-- Given entries follows --
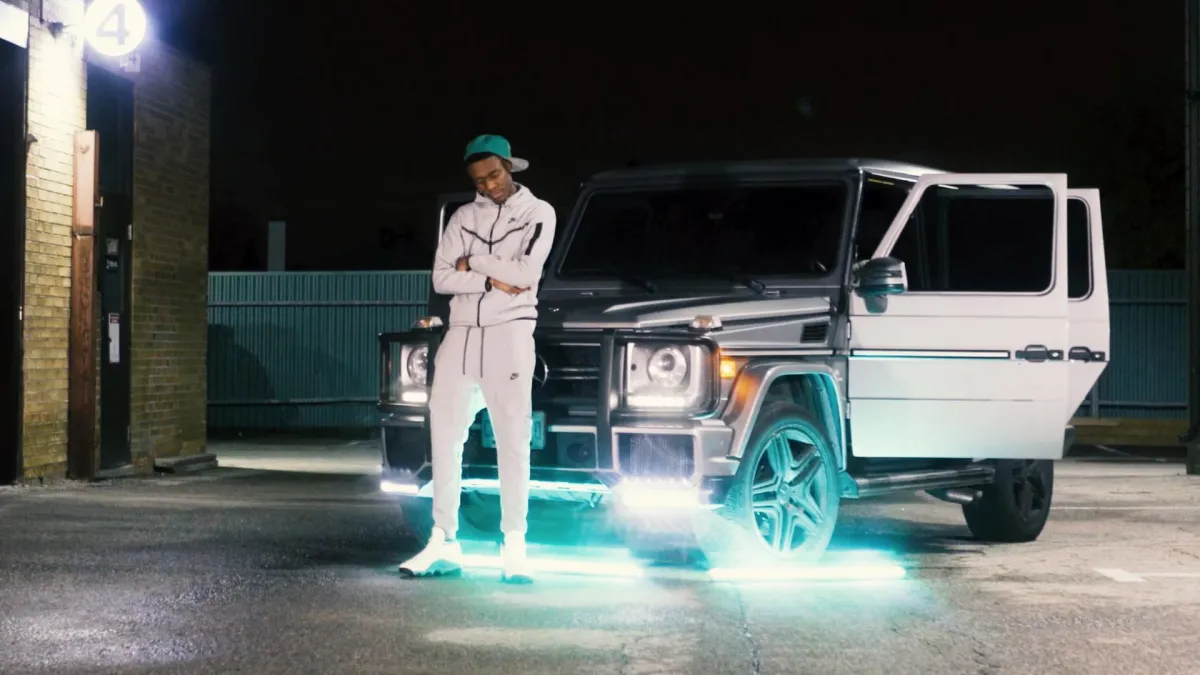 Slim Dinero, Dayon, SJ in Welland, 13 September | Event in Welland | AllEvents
-- Given entries concluded --
-- Given entries follows --
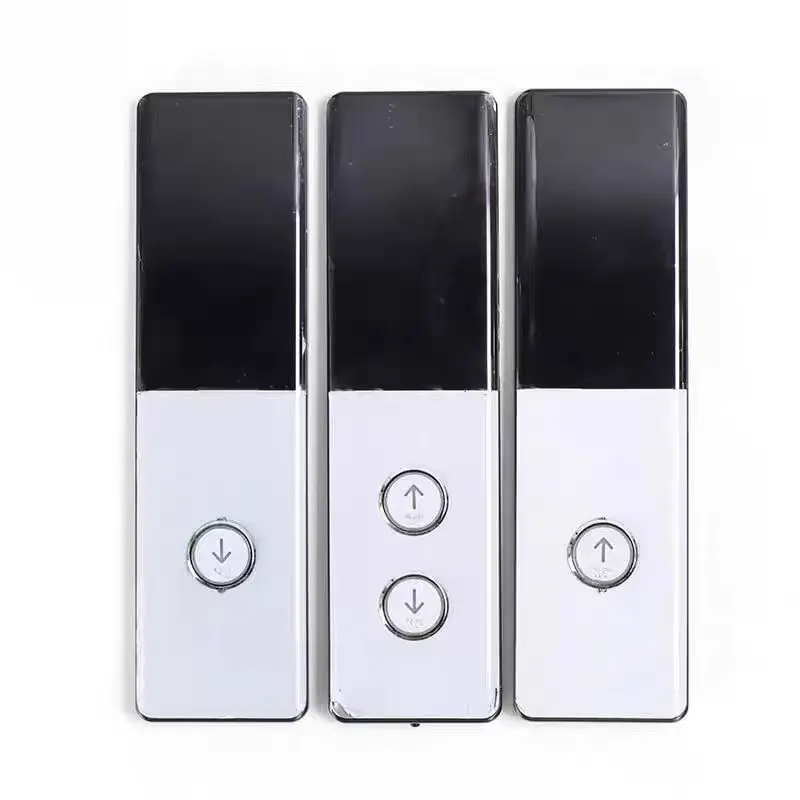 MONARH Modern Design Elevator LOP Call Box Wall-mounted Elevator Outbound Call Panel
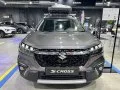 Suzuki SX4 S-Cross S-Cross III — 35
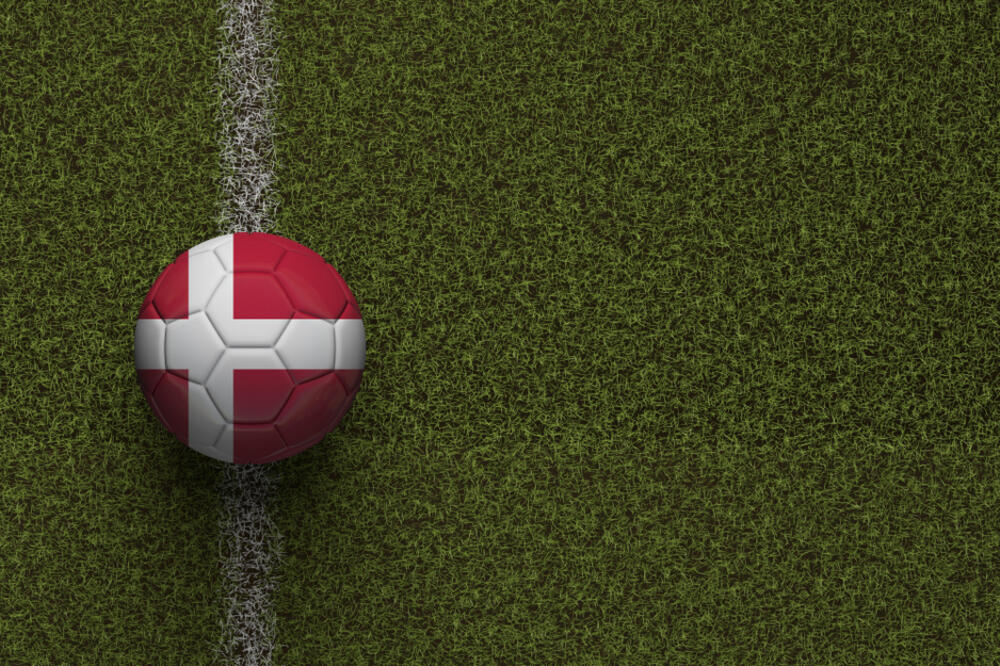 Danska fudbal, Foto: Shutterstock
-- Given entries concluded --
-- Given entries follows --
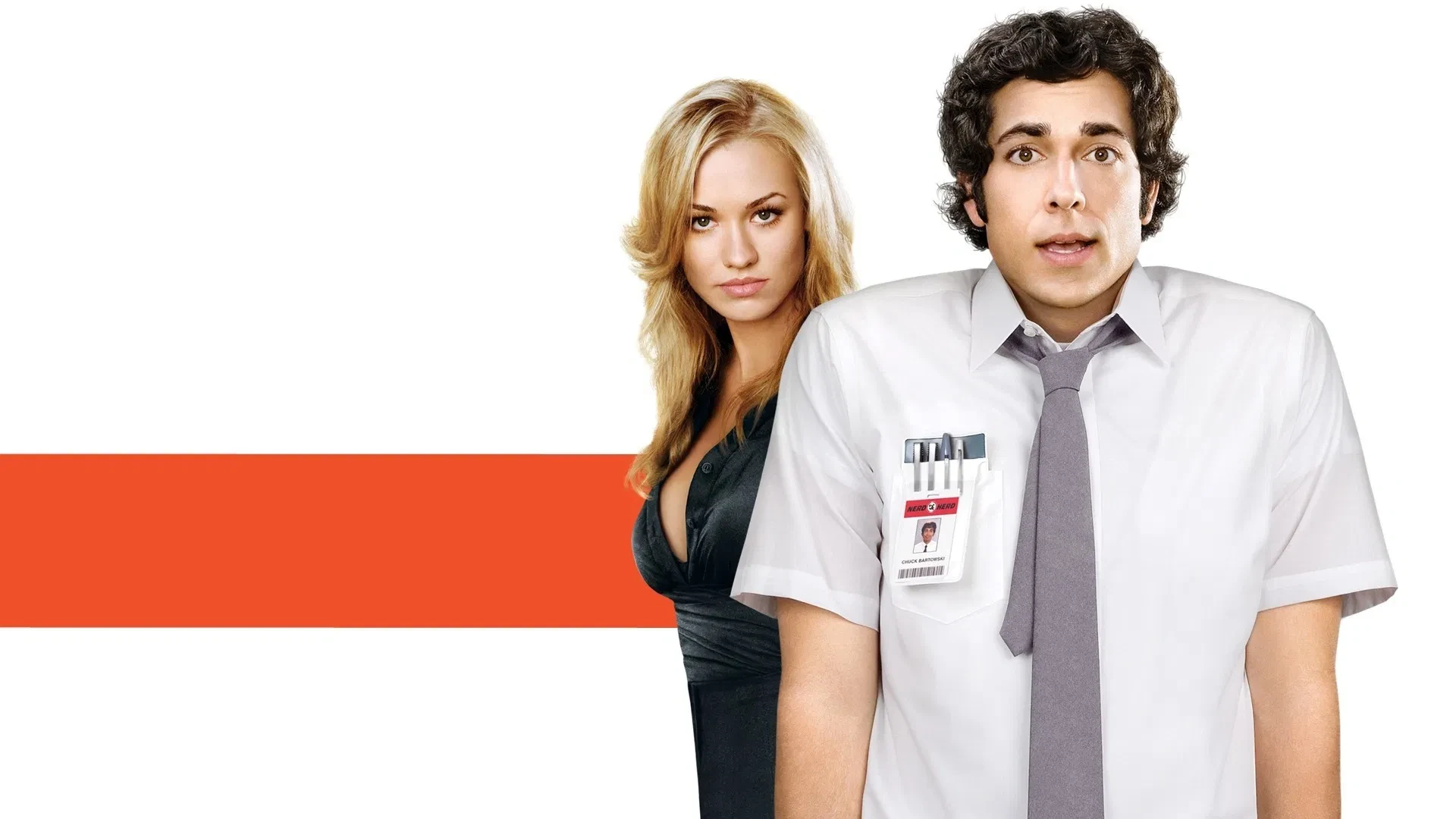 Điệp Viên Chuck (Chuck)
-- Given entries concluded --
▸ What to do: In the listing above, find the line with "Suzuki SX4 S-Cross S-Cross III — 35" and the line with "Danska fudbal, Foto: Shutterstock". Copy exactly those lines and all between them, minus the images.

▸ Answer to this exercise:
 Suzuki SX4 S-Cross S-Cross III — 35
 Danska fudbal, Foto: Shutterstock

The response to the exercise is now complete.